Christchurch Art Gallery Te Puna o Waiwhetū | Curated by Chloe Cull, with contributions from Dr Kirsty Dunn and Dr Madi Williams (Taniwha: A Cultural History Project)
Taniwha are not allegories. They are not safely symbolic, nor reducible to decorative figures from a mythic archive. Whāia te Taniwha makes this abundantly clear.
This major exhibition resists the colonial impulse to pin taniwha down into singular categories — monster, demon, or even protective spirit. Instead, it insists on taniwha as relational beings: oceanic guides, shape-shifting ancestors, adversaries, guardians, tricksters, ecological presences. They are as unstable as they are vital. This refusal of fixed definition is where their power lies.
Curatorial Gesture: Defiance as Method
Curated by Chloe Cull (Pouarataki curator Māori), and emerging from the wider research of Dr Kirsty Dunn and Dr Madi Williams’ Taniwha: A Cultural History Project, the exhibition performs a radical inversion: rather than translating taniwha into categories legible to Western art discourse, it demands that audiences dwell with uncertainty, opacity, and multiplicity.
This is a decolonial curatorial act. It unsettles the Enlightenment desire for clarity, taxonomy, mastery. Instead, Cull and the artists affirm the taniwha’s capacity to slip between forms, evade capture, and haunt the colonial landscape with ancestral, ecological, and political force.
The Works: Hybrid Tactics, Living Relations
From Lisa Reihana’s cinematic poetics to Maungarongo Te Kawa’s textile interventions, from interactive AR sculpture to a video game where taniwha are not enemies to be conquered but beings to encounter, the exhibition proliferates mediums. This heterogeneity itself enacts taniwha logic: resisting containment, refusing singular form.

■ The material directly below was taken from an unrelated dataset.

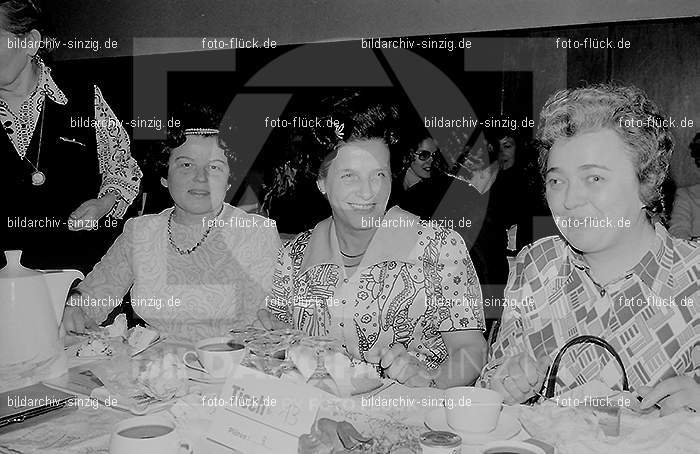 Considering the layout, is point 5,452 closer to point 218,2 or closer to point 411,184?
point 411,184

Local Ngāi Tahu artists like Jennifer Rendall, Fran Spencer, and Kommi Tamati-Elliffe ground the show in whakapapa and whenua, situating taniwha as inseparable from Aotearoa’s landscapes and waterscapes scarred by colonial modernity.

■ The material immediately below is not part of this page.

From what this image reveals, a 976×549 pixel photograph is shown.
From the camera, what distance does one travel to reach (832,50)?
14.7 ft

Taniwha as Counter-Modernity
If modernity has been a project of flattening — disciplining land, water, people into extractive grids — taniwha erupt as counter-modern figures. They remind us of rivers that cannot be fully dammed, of knowledge that cannot be domesticated, of ancestors who refuse erasure.
In this sense, Whāia te Taniwha is not simply an exhibition about “mythical creatures.” It is an insurgent archive of survivance. It asks: what does it mean to live in a world still populated by beings that modernity denied?
Rupture
The exhibition ruptures both art historical and political narratives. For non-Māori audiences, it is an unsettling encounter with a worldview in which human exceptionalism dissolves. For Māori, it can be a space of recognition, resurgence, and affirmation — though always without simplification.

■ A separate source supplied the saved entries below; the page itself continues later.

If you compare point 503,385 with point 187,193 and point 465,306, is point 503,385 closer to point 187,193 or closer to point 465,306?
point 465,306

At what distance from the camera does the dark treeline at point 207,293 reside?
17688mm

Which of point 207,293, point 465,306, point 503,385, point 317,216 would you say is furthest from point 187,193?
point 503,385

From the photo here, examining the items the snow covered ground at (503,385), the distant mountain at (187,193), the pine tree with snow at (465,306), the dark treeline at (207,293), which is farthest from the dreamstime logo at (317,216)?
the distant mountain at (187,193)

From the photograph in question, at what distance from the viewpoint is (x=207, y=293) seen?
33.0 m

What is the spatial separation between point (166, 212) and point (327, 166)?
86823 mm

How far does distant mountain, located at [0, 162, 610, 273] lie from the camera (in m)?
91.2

Taniwha are never safe. They are guides and threats, protectors and challengers. In a time of ecological collapse and cultural erasure, they remind us that relation is not comfort, but responsibility.
Final Note
Whāia te Taniwha demands we attend to taniwha not as folklore but as living presences that continue to shape whenua, water, and collective futures. The exhibition is itself a taniwha: shape-shifting, elusive, powerful, unsettling — and urgently necessary.